In a Jan. 5 email, Erik Moreno, executive vice president for corporate development and M&A at Sony Pictures Entertainment said Zee had not ended ties with the Russian entities even though it was “absolutely critical”, and the merged entity “would under no circumstances inherit the Russian entities”.
Zee’s counsel Venkatachalam responded by saying the divestment process had not been completed due to changing regulations in Russia and alternate structures were being explored, even though the business of those entities “was shut down in December 2022”, emails showed.
DISNEY DEAL, SMALL LOAN
Reuters on Monday reported Sony’s confidential termination notice which showed it accused Zee of also not meeting certain financial terms including required cash reserves. Zee denies those allegations.

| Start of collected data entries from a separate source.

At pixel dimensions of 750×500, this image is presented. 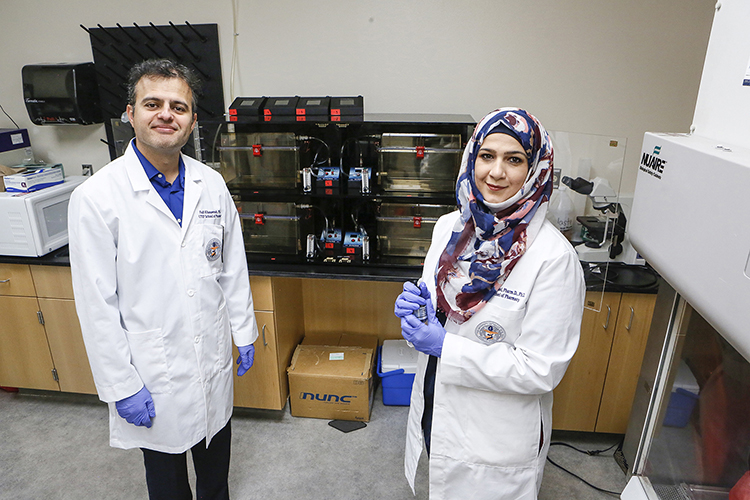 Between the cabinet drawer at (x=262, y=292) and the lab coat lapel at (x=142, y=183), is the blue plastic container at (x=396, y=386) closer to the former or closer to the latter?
the cabinet drawer at (x=262, y=292)

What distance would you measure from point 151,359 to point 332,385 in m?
1.10

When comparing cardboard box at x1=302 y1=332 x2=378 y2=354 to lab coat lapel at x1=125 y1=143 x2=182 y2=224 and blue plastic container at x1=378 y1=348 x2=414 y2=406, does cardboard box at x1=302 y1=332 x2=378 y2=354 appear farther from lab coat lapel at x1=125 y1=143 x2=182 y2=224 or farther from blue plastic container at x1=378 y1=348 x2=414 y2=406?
lab coat lapel at x1=125 y1=143 x2=182 y2=224

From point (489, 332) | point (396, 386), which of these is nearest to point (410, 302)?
point (489, 332)

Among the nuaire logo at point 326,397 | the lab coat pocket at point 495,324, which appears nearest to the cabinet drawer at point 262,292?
the nuaire logo at point 326,397

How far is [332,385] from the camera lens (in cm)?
241

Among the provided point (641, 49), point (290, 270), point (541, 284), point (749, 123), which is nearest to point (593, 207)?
point (541, 284)

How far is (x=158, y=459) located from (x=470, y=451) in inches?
41.1

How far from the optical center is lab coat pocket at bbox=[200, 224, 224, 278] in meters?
1.55

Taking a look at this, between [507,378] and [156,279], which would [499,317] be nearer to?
[507,378]

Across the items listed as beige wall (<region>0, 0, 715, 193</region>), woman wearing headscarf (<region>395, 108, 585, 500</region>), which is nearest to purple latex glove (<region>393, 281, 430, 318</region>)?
woman wearing headscarf (<region>395, 108, 585, 500</region>)

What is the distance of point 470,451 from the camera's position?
4.36ft

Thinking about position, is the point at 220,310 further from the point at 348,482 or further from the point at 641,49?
the point at 641,49

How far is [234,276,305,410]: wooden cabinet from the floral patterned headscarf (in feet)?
3.82

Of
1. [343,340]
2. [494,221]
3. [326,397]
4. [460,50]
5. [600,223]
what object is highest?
[460,50] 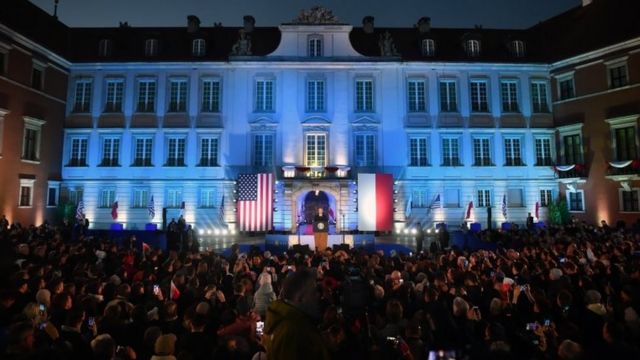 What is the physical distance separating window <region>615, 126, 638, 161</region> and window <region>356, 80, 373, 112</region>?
17584mm

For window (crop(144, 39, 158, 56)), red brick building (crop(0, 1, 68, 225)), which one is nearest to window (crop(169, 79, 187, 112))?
window (crop(144, 39, 158, 56))

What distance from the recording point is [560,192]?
31.2 metres

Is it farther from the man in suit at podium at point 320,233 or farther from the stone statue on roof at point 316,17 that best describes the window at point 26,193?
the stone statue on roof at point 316,17

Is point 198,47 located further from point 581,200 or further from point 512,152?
point 581,200

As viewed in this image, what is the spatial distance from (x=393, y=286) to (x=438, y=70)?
27.9 metres

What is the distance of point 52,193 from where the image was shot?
2972 cm

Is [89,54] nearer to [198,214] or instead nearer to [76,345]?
[198,214]

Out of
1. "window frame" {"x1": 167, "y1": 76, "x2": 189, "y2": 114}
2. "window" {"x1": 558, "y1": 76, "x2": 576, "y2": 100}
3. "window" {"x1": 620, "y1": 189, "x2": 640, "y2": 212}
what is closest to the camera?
"window" {"x1": 620, "y1": 189, "x2": 640, "y2": 212}

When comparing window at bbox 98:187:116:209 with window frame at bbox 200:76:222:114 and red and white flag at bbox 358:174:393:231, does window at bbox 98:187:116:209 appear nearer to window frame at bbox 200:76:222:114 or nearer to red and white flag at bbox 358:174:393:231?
window frame at bbox 200:76:222:114

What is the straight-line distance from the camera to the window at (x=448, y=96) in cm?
3198

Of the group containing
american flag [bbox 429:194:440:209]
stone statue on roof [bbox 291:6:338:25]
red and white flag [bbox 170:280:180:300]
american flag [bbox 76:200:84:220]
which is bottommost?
red and white flag [bbox 170:280:180:300]

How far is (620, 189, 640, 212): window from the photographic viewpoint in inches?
1024

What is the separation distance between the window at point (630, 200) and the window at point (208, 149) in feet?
97.0

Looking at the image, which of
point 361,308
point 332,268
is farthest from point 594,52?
point 361,308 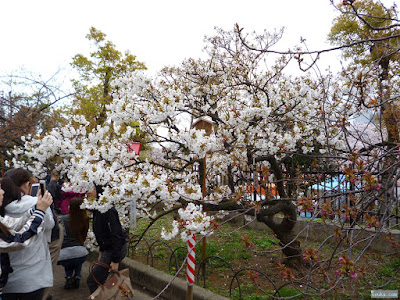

The emails show another key sticking point was Zee’s 2022 decision to enter into a $1.4 billion deal with Disney to purchase certain TV cricket rights for India.
Sony said Zee had decided to furnish a bank guarantee and a deposit totaling $406 million for that deal. And Zee’s bid to take debt for the deal, which was “without prior written consent” of Sony, took the Indian firm’s total debt to more than $451 million – above the merger agreement threshold.
Moreno wrote said in the Jan. 5 email that Sony had several times “raised our concerns and reservations in relation to the (Disney) alliance agreement … including, in respect of the consideration agreed to be paid”.
In response, Zee legal executive said that Sony’s allegations were raised too late, and were “reprehensible and unfortunate”. The cricket deal violated no merger conditions as the two sides wanted to encourage Zee’s expansion into sports, it argued in the emails.
Reuters has reported that Zee has decided to terminate its cricket deal with Disney due to lack of funds.
Aside from the Disney deal, Sony accused Zee of several other merger agreement breaches, the emails show, including launching a new channel in South Africa during talks and granting a $3.3 million loan to an affiliate in India without specifying repayment term.
Zee said none of those things breached the deal terms. “We have borne great costs to ensure a successful merger between our companies,” Zee’s Venkatachalam wrote in an email.